Friday Happy Hour
In Nebraska, it is illegal to mix beer and hard liquor. Drinks such as the Irish Car Bomb (take a pint of Guinness, drink an Irish-sized swallow, then fill the space in the glass with Baileys and whiskey and enjoy at your leisure) are therefore the order of the day.
In a nod to the Midwest, may we suggest a Boilermaker: Whiskey, in a glass, plus beer, in a glass. Drink one, then the other. Or, depth-charge the shot of whiskey into the pint, which gives the drink a sloppy frat party feel as the shotglass in your pint falls into your face as you gulp down your extra-strong beer. That is actually the part of the drink that makes it illegal in Nebraska, so do it at least once for liberty's sake. As far as specific ingredients, nobody really cares, although we believe the whiskey and the beer should be the same color. That is to say, cheap on both counts.

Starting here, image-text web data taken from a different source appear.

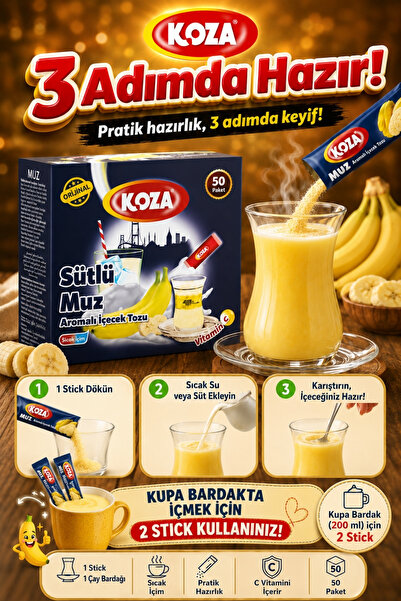 Koza Gurmelerin Seçimi Pratik Lezzet Sütlü Muz Aromalı Tek İçimlik Premium Muzlu İçecek Tozu 50 Stick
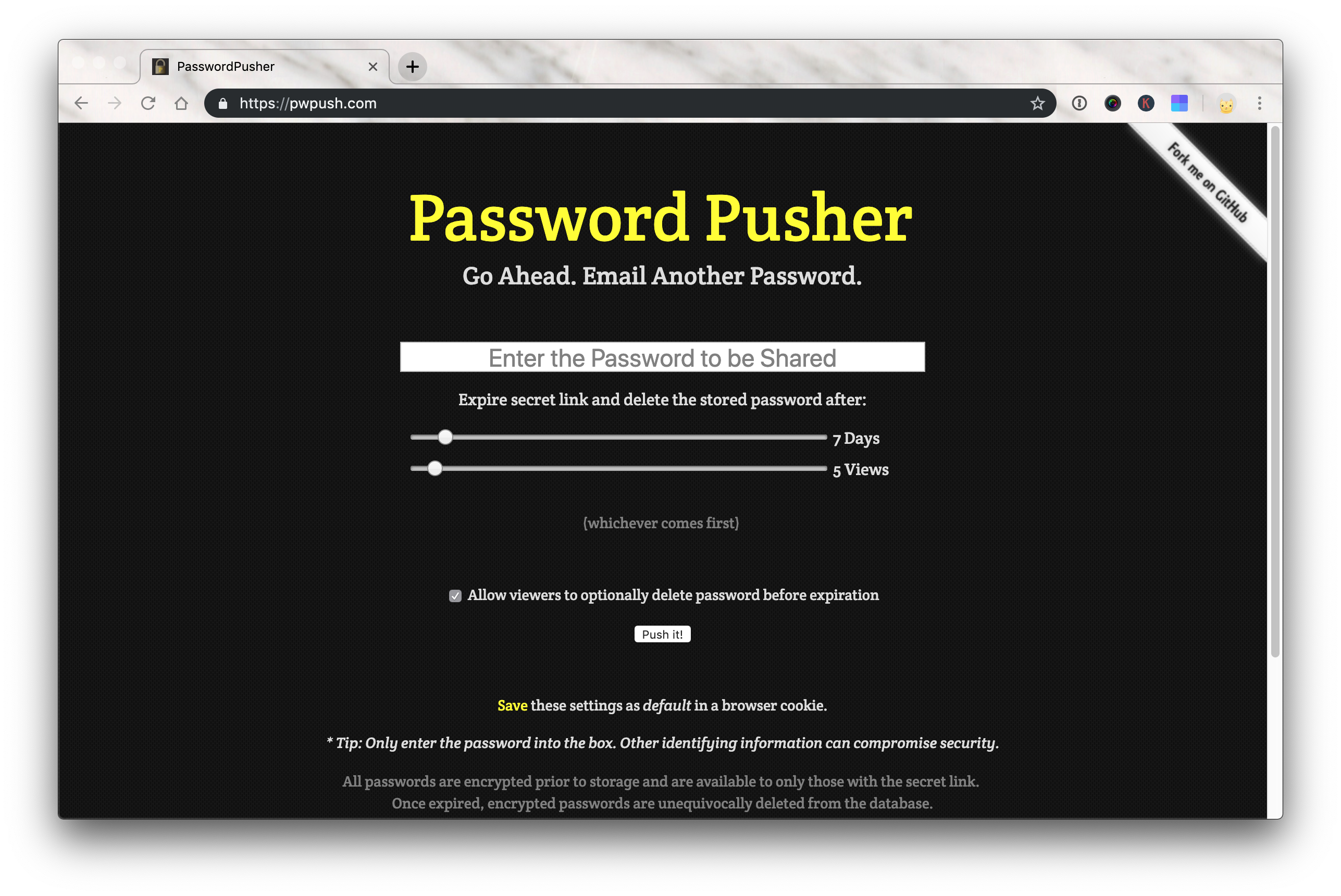 A screenshot of PW Push, a tool for sharing passwords safely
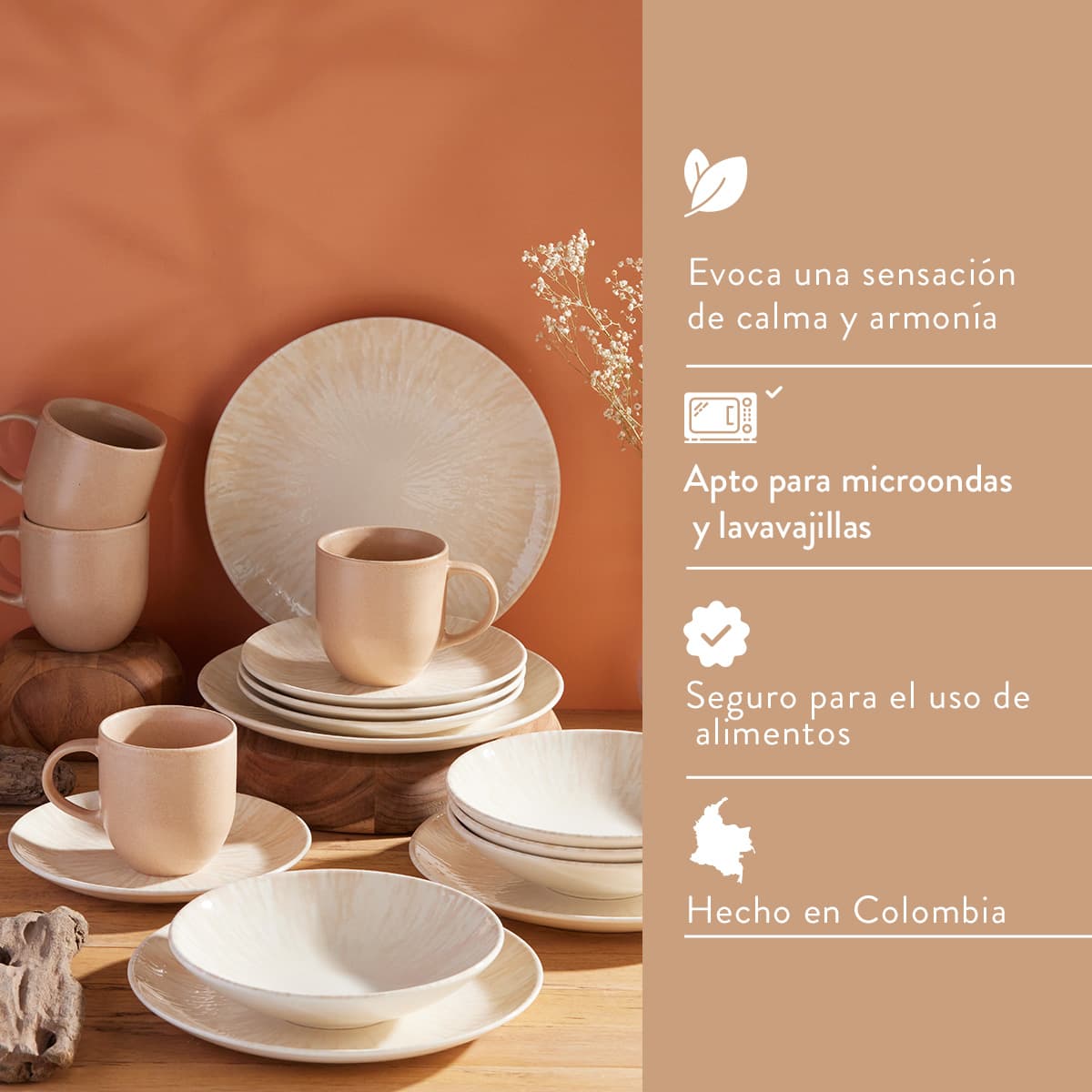 Vajilla Corona Nyssa 16 piezas en tonos pastel con textura artesanal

We did a little research for you, dear reader, to see if we could figure out how the name Boilermaker got associated with such a simple drink. According to David Wondrich at Esquire's Drinking Database, "boilermaker" is slang for any industrial metal worker and may have been linked to the drink from the phrase, "a boilermaker and his helper." The drink does represent a crude-but-does-the-job mentality: You can't screw it up, and it gets you drunk. Fast. Another name for the drink is "Block and Fall," referring to the fact that after two of them, you'll walk about a block and fall.